Your objective =
Your task is to restate the listing word for word without the pictures.

··········

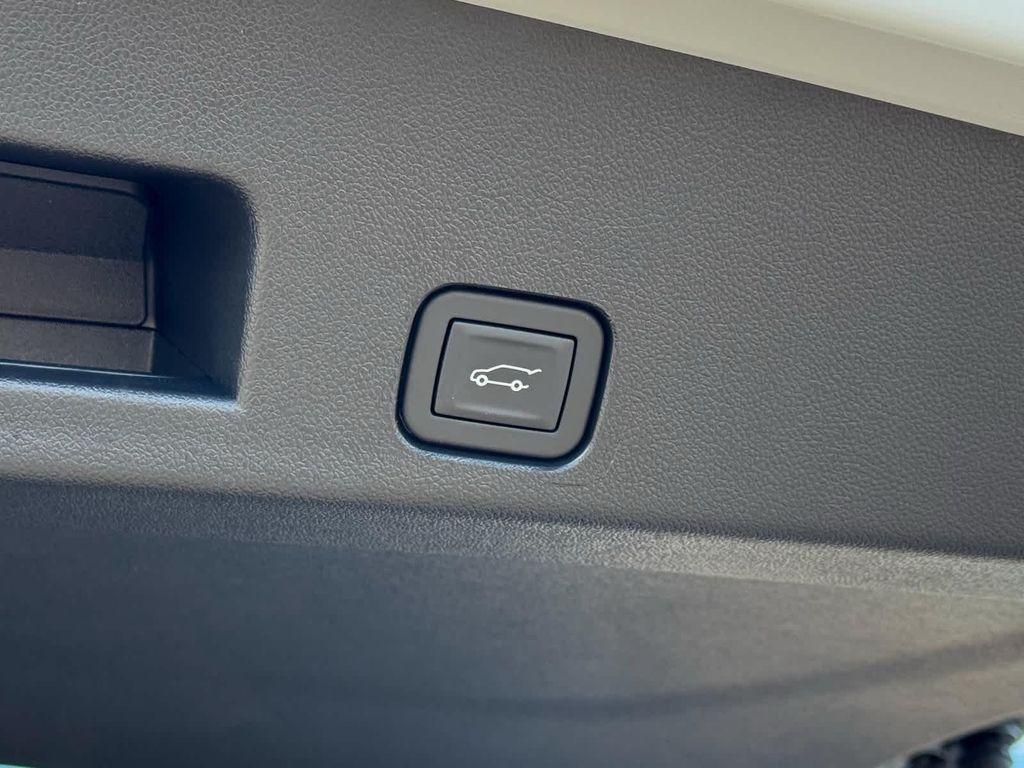 new 2026 GMC Acadia car, priced at $49,680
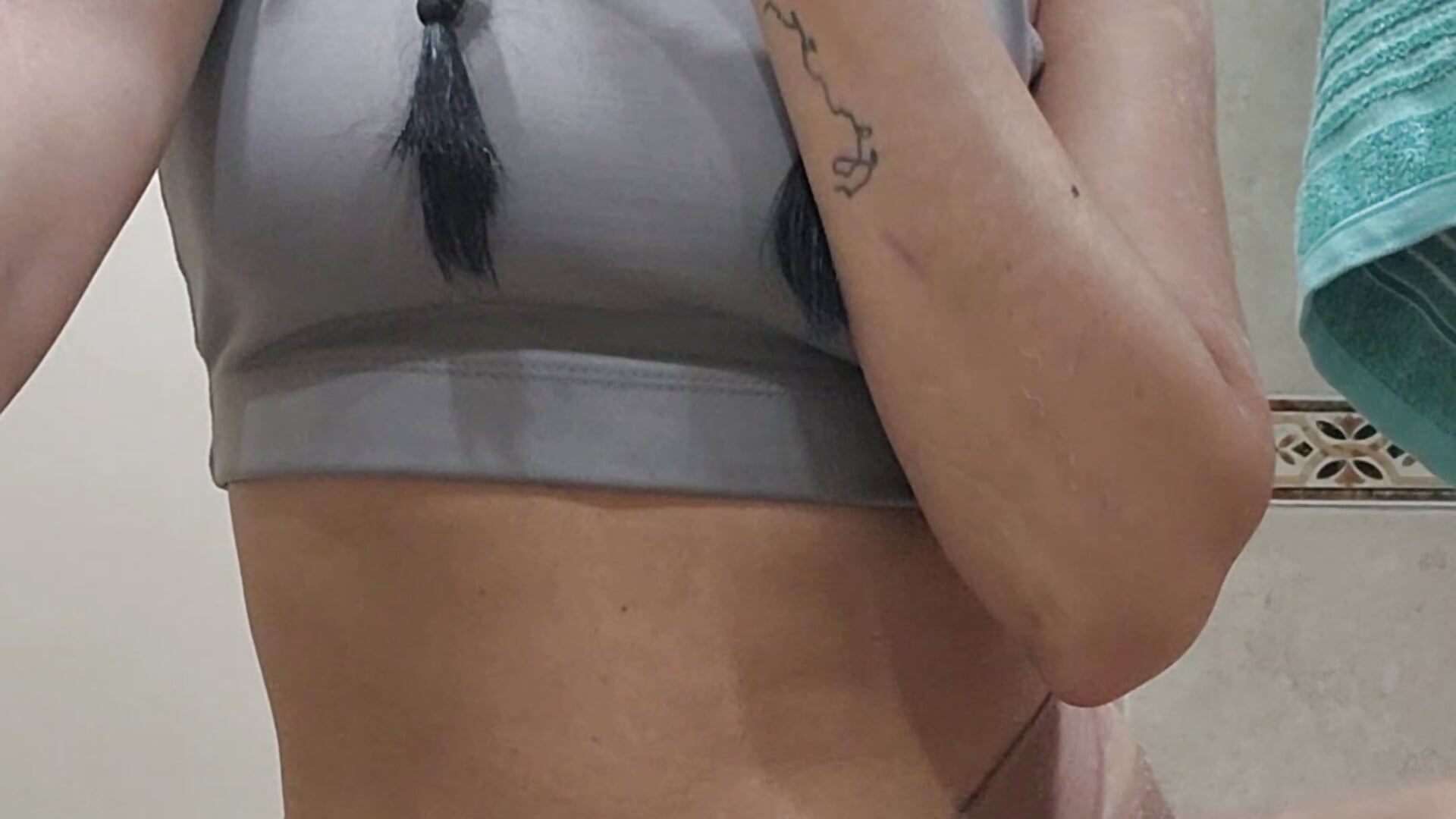 1000596521 - video by VelvetMoon11 cam model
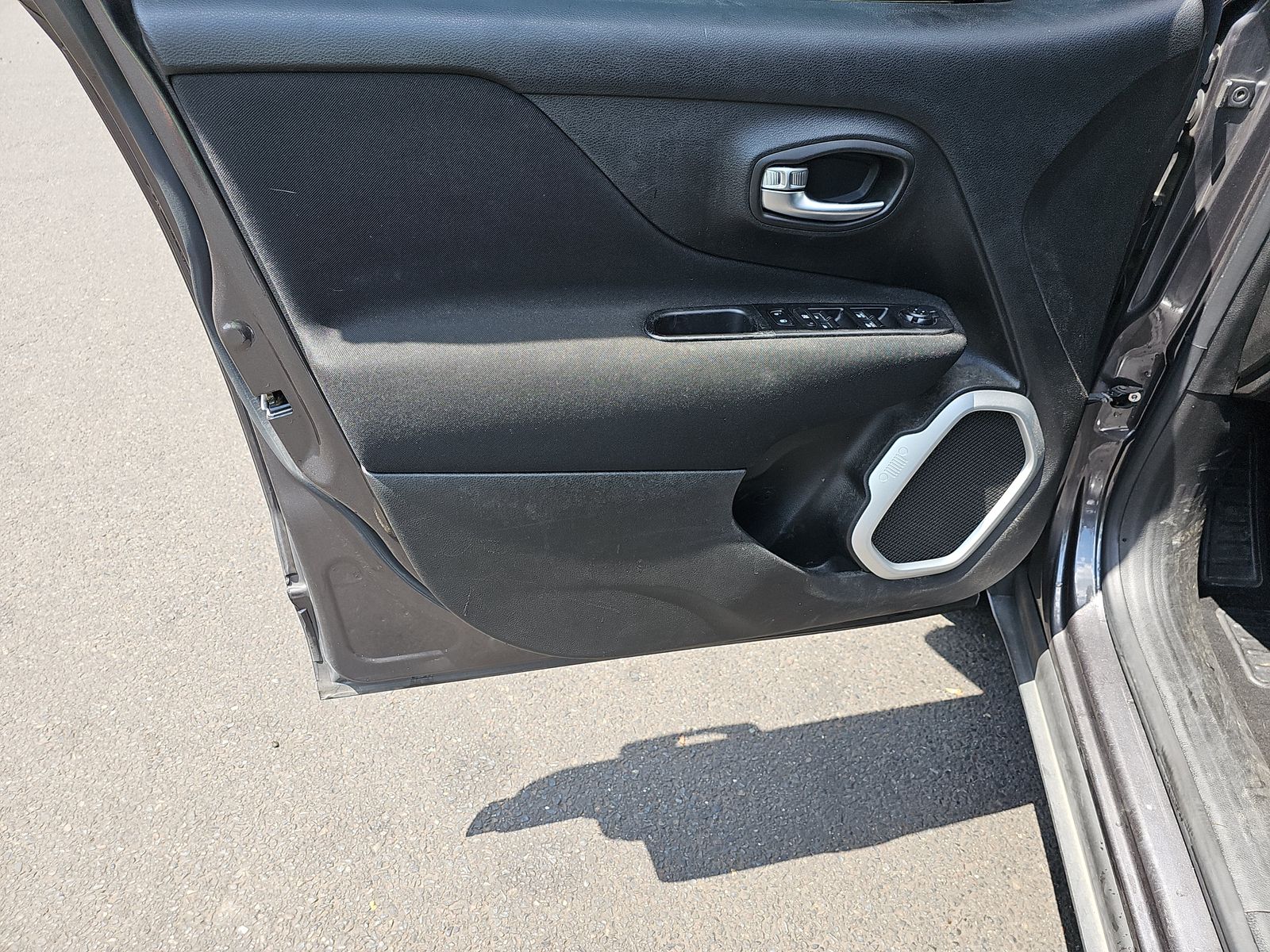 2019 Jeep Renegade Latitude AWD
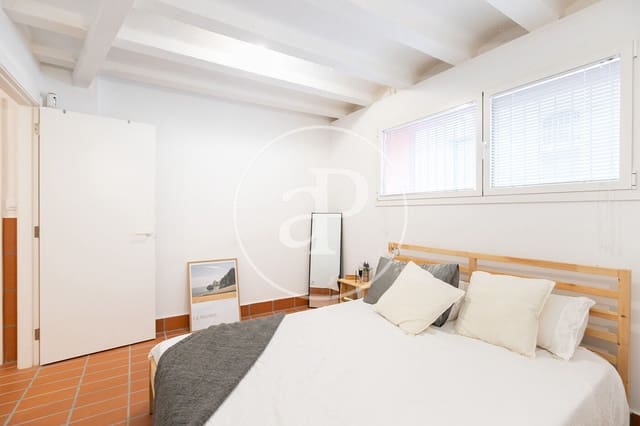 4 bedroom Apartment for sale in Sants, Barcelona city - € 685,000 (Ref: 9398470)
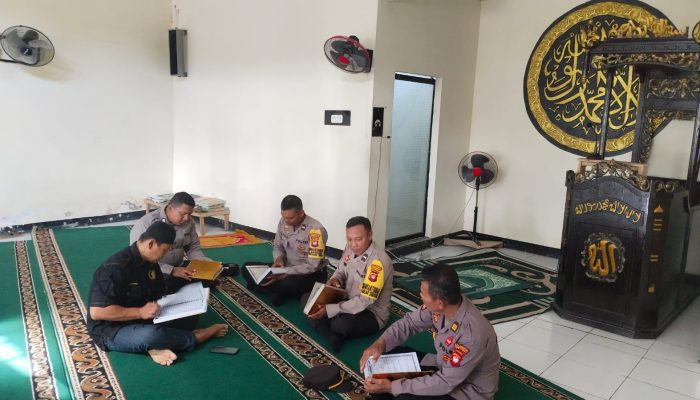 Anggota Polsek Pontianak Timur Laksanakan Tadarus Bulan Ramadan
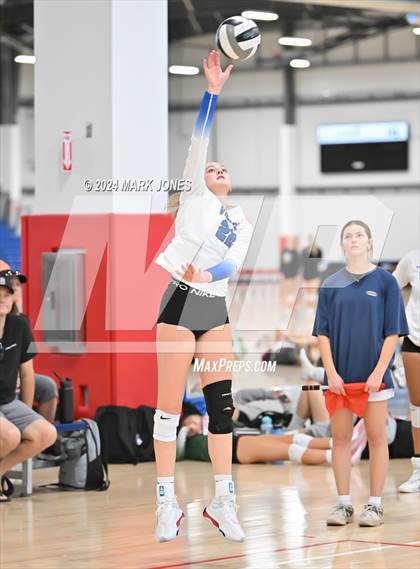 Thumbnail 1 in Village vs. Canyon View (Nike TOC Southwest) photogallery.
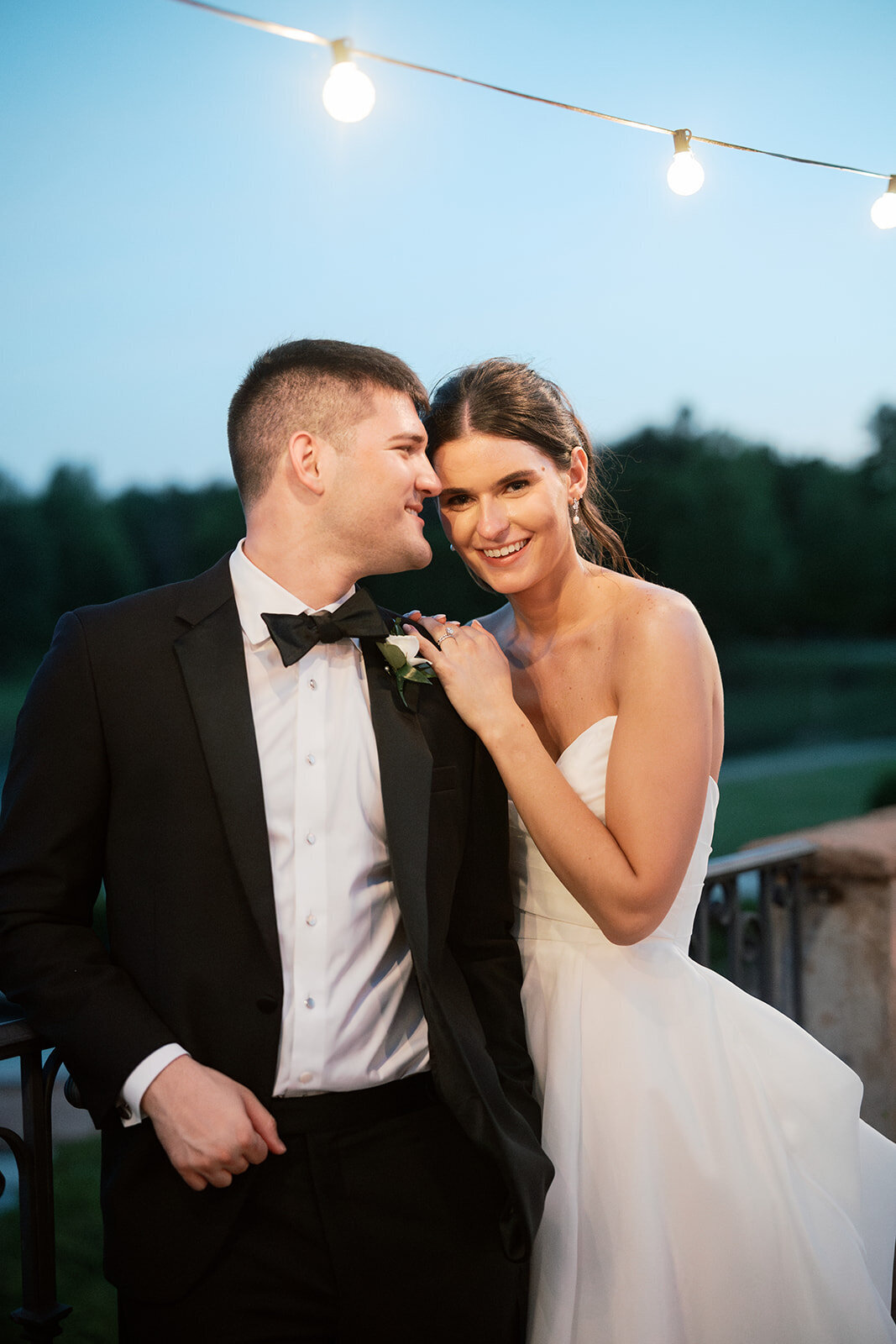 Club-at-Corazon-Wedding-ColumbusOhio-JNBroski-OliviaCasey032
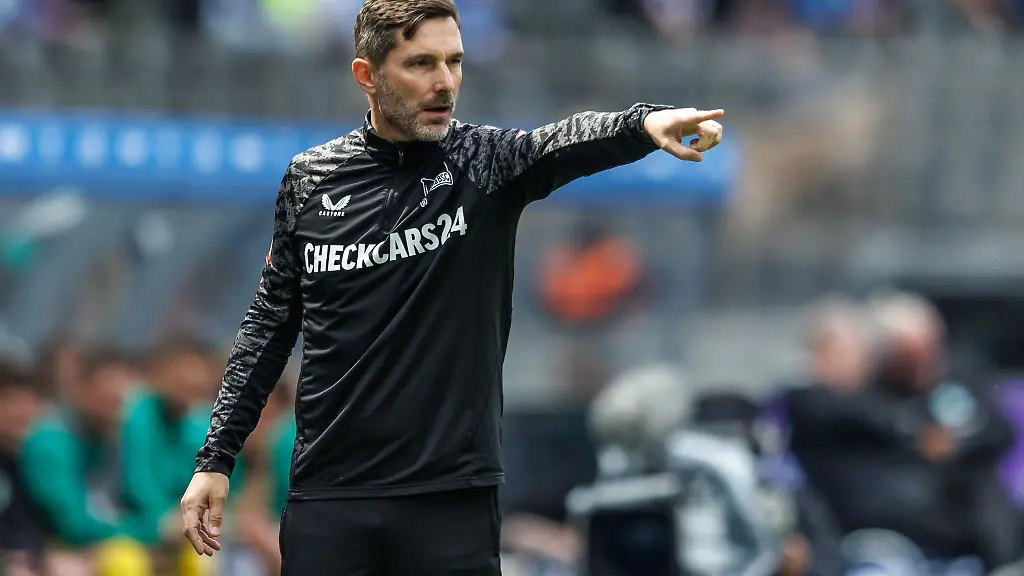 Bis-Sonntag-im-Trainingslager-Trainer-Stefan-Leitl-und-Hertha-BSC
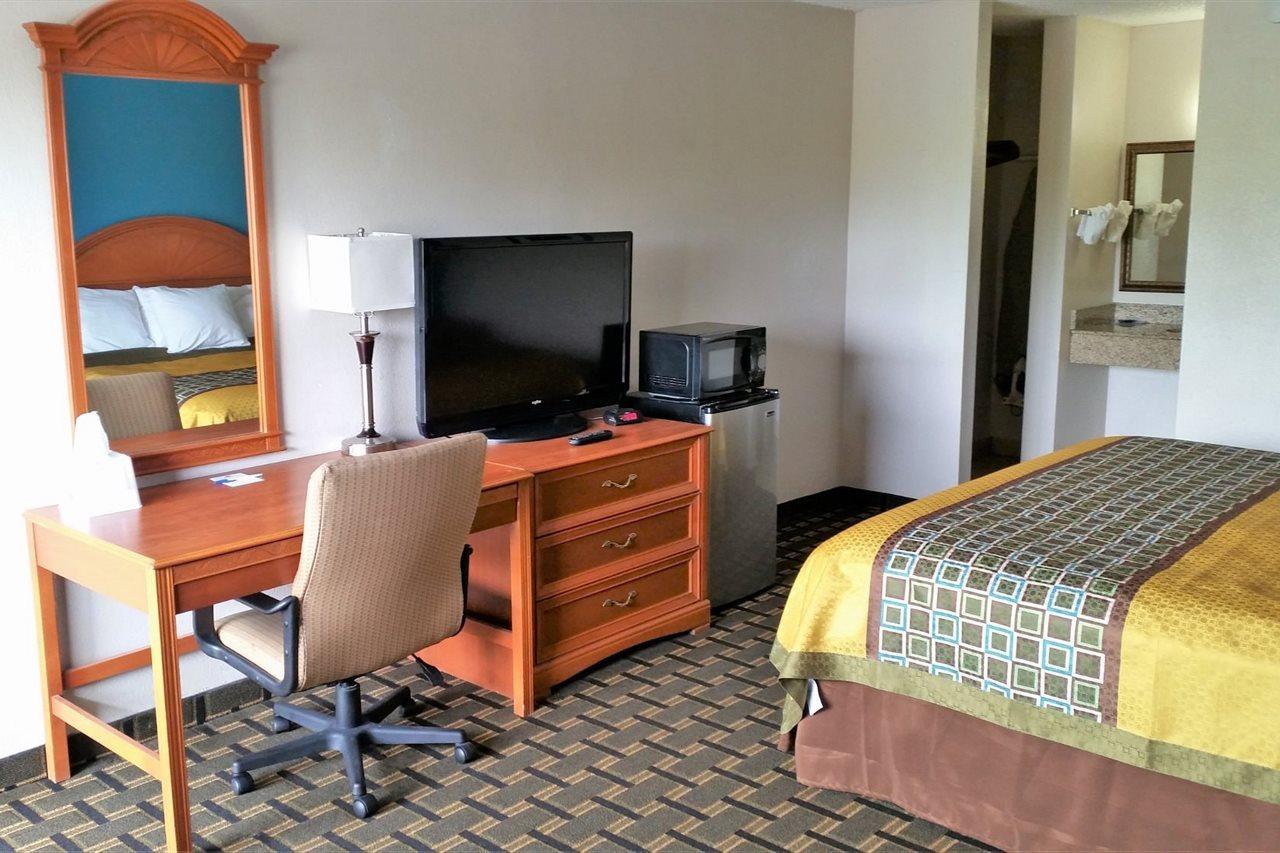 Americas Best Value Inn Elizabethtown Exterior foto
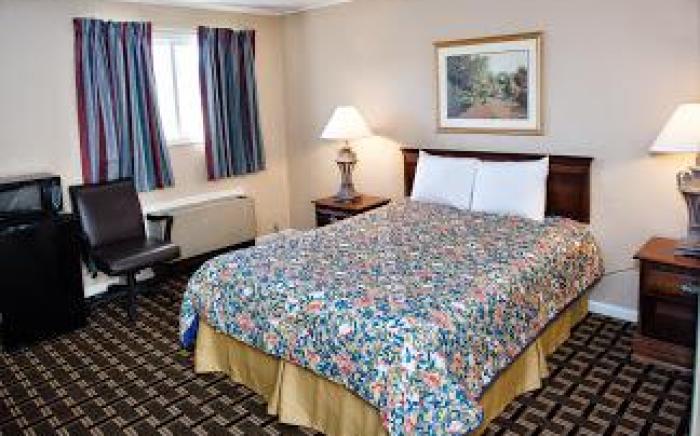 Grand View Plaza Inn & Suites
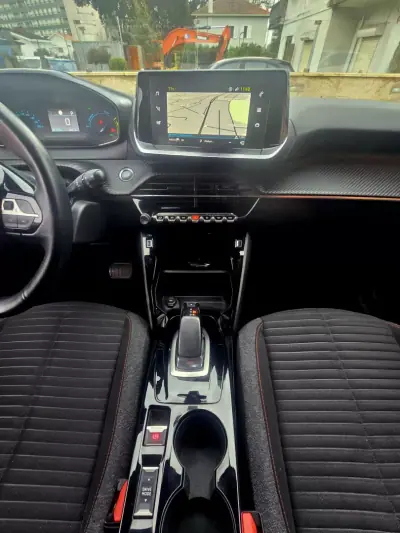 Peugeot e-208 2020 - 15750 EUR, 56000 km - AUTO.MOTO.pt - 56000km - foto 20 de 41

··········

Your response =
 new 2026 GMC Acadia car, priced at $49,680
 1000596521 - video by VelvetMoon11 cam model
 2019 Jeep Renegade Latitude AWD
 4 bedroom Apartment for sale in Sants, Barcelona city - € 685,000 (Ref: 9398470)
 Anggota Polsek Pontianak Timur Laksanakan Tadarus Bulan Ramadan
 Thumbnail 1 in Village vs. Canyon View (Nike TOC Southwest) photogallery.
 Club-at-Corazon-Wedding-ColumbusOhio-JNBroski-OliviaCasey032
 Bis-Sonntag-im-Trainingslager-Trainer-Stefan-Leitl-und-Hertha-BSC
 Americas Best Value Inn Elizabethtown Exterior foto
 Grand View Plaza Inn & Suites
 Peugeot e-208 2020 - 15750 EUR, 56000 km - AUTO.MOTO.pt - 56000km - foto 20 de 41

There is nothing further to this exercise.